三島 1組目のネタが始まるのが7時10分ぐらいなんですけど、その直前にスタジオに入るんです。そのあたりは、みんなさすがにピリついてましたね。ただ、1組目にニューヨークが呼ばれると、「がんばれよ!」という雰囲気があって。戻ってきても「よかったで」と。ほかのコンビのときも同じでした。全員がライバルであり、仲間でもあるという感じなんです。
――セットの裏側で順番を待っているときは、他のコンビともけっこう会話をしたりするもんなんですか。
南條 する人はしてますね。あとは、それぞれネタ合わせをしたり。ミルクボーイさんはずっとネタ合わせしていた印象がありますね。合間ができると、壁に向かって小声で合わせたり、裏の方に行って練習したり。
「あれはM-1史に残る名言ですよ」
――1番手のニューヨークは、松本人志さんに「ツッコミが笑いながら楽しんでいる感じがあんまり好きじゃない」と言われ、まだ講評の途中であるにもかかわらず、屋敷裕政さんが「最悪や!」と噛みつきました。軽くキレたかのような返しだったので、会場が変な盛り上がりを見せました。
南條 あれは屋敷のファインプレーでしょうね。
三島 マジの気持ちもあるし、あのまま引き下がったら自分たちは何も残せないと思ったんでしょうね。魂のひと言ですよ。

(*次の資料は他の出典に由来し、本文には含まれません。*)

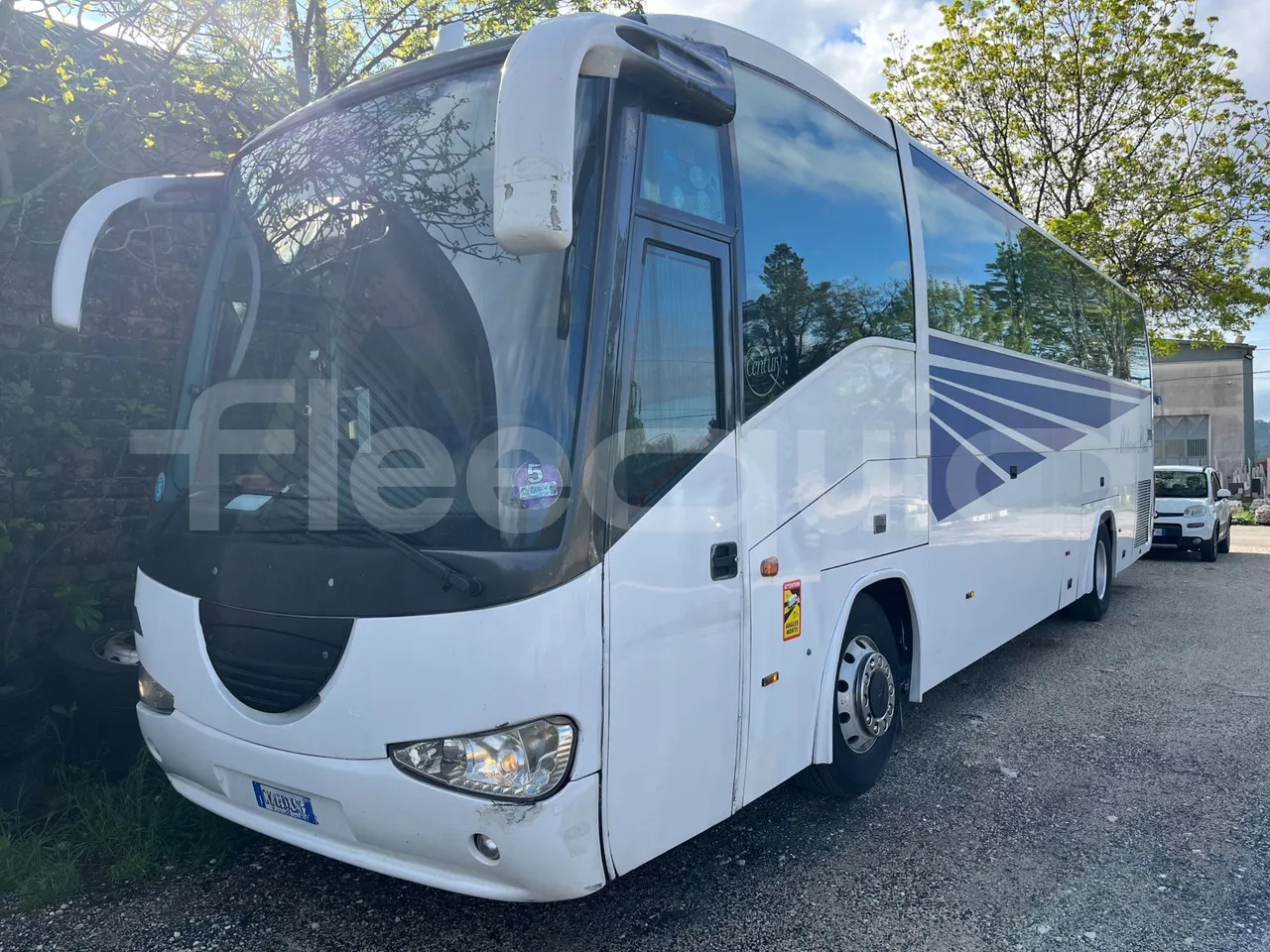Irizar Scania Century - Pullman: foto 4 Irizar Scania Century - Pullman: foto 4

南條 屋敷は、ああいうところで噛みつきそうなキャラでもあるんで、いいプレゼンにもなった。芸人の先輩方も、ニューヨークの平場(ひらば=普通の会話の部分)での絡みはすごく評価してましたね。大会全体の流れで言えば、あの一言がつかみになったと思う。
三島 M-1史に残る名言ですよ。
――すゑひろがりずは、5番手のからし蓮根と入れ替わる形で4位となり、上位3組が座れる暫定ボックスを追われました。控え室に戻った時は、そのニューヨークだけがいたわけですね。